*** Opening INFORMATION ***
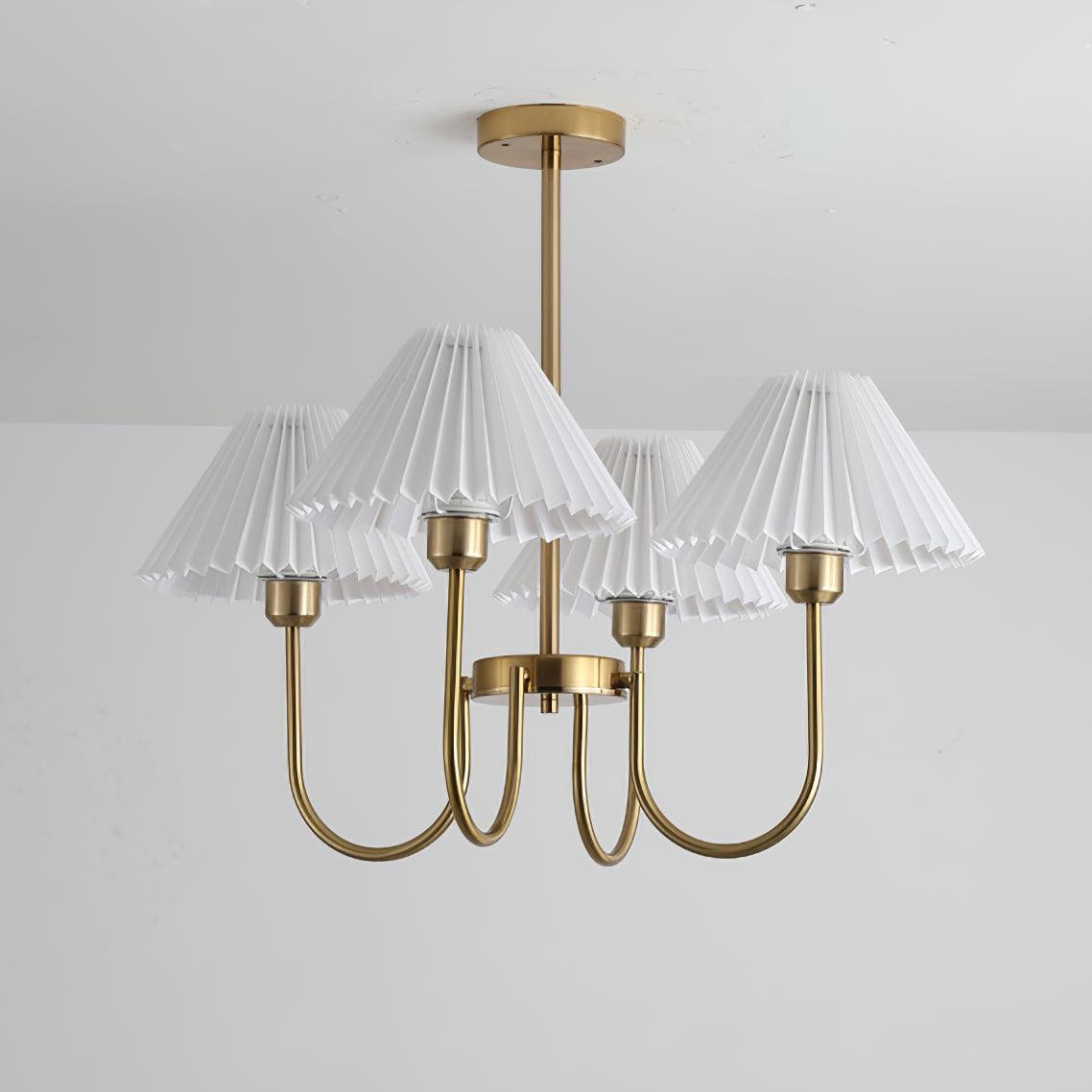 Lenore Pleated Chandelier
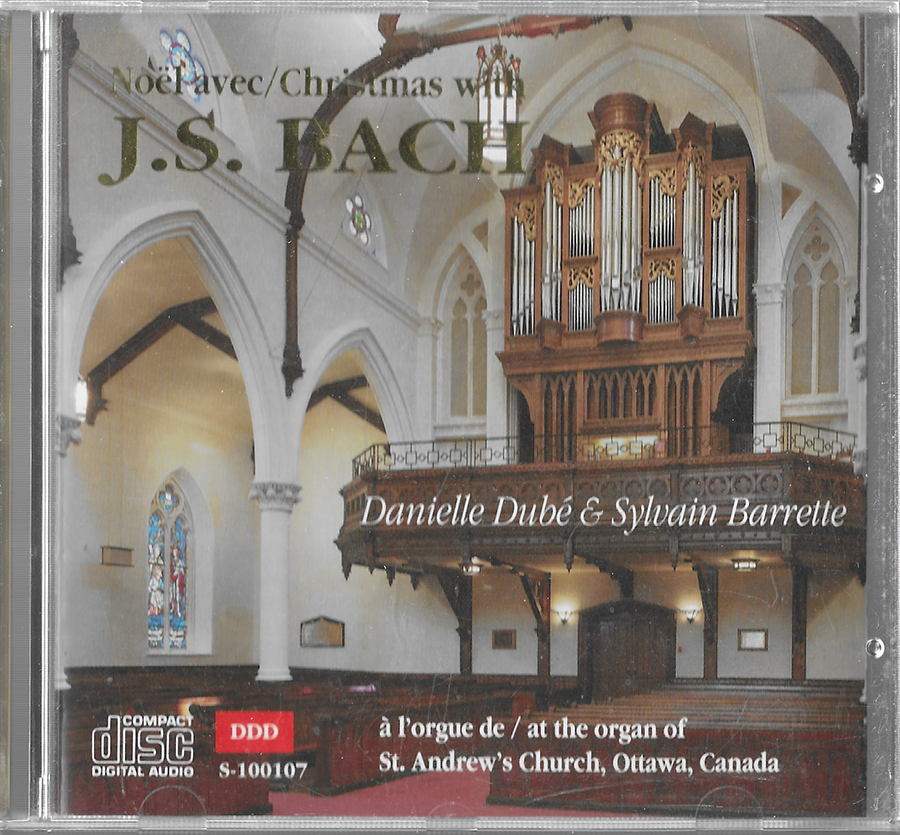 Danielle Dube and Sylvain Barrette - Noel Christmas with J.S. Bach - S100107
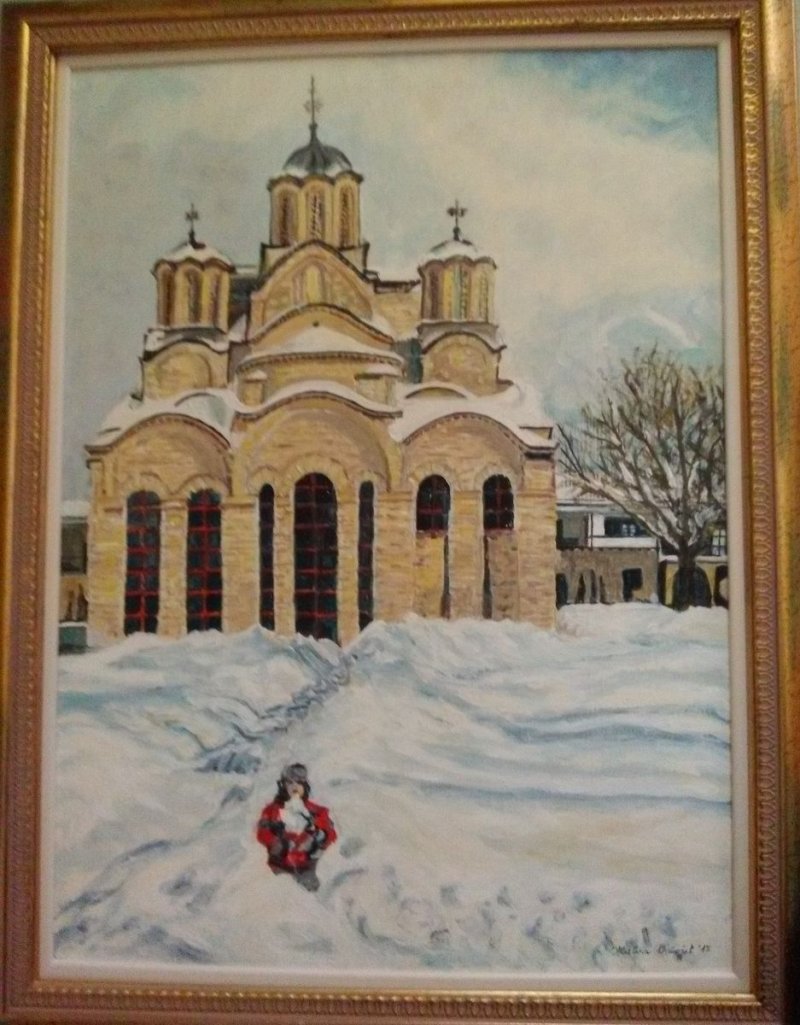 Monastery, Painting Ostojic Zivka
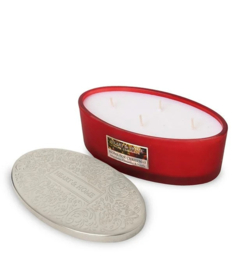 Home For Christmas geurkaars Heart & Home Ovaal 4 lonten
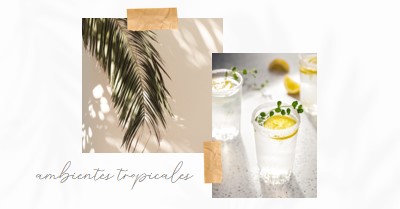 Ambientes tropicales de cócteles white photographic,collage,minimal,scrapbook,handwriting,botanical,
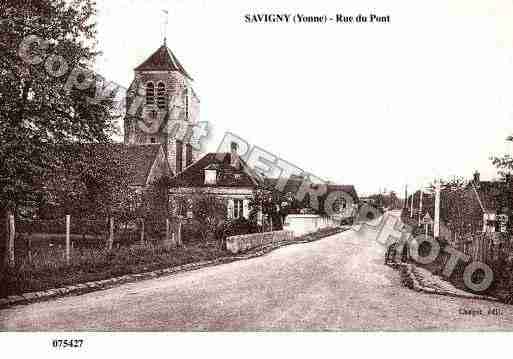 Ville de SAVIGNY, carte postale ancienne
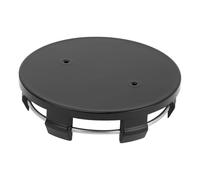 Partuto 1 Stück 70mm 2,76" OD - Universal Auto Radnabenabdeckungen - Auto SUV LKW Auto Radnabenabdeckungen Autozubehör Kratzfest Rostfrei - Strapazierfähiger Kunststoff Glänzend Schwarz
*** Closing INFORMATION ***
**PROMPT:** Return only the lines running from the start of the entries above to the line that contains "Ville de SAVIGNY, carte postale ancienne", inclusive, and omit every picture.

**RESULT OF THIS EXERCISE:**
 Lenore Pleated Chandelier
 Danielle Dube and Sylvain Barrette - Noel Christmas with J.S. Bach - S100107
 Monastery, Painting Ostojic Zivka
 Home For Christmas geurkaars Heart & Home Ovaal 4 lonten
 Ambientes tropicales de cócteles white photographic,collage,minimal,scrapbook,handwriting,botanical,
 Ville de SAVIGNY, carte postale ancienne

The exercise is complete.